Repeat the data in full. Drop every picture.

INPUT DATA →
============================================================

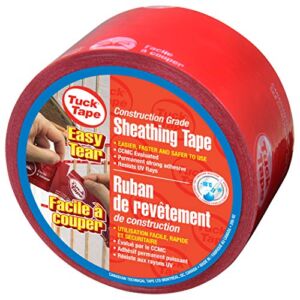 Tuck Tape Construction Sheathing Tape, Epoxy Resin Tape, 2.4 in x 180 ft (Red) Easy Tear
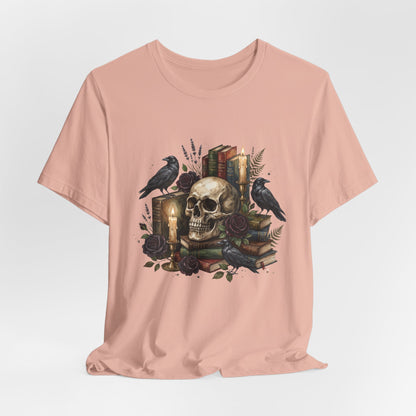 Skull and Ravens with Books Tee | Candlelit Gothic Skull T-Shirt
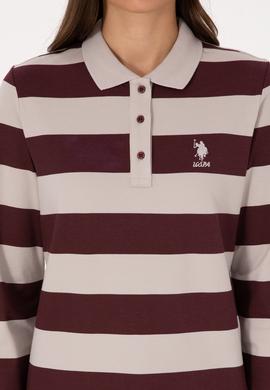 Kadın Bordo Çizgili Polo Yaka Sweatshirt - 50314207005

============================================================

COMPLETED EXERCISE →
 Tuck Tape Construction Sheathing Tape, Epoxy Resin Tape, 2.4 in x 180 ft (Red) Easy Tear
 Skull and Ravens with Books Tee | Candlelit Gothic Skull T-Shirt
 Kadın Bordo Çizgili Polo Yaka Sweatshirt - 50314207005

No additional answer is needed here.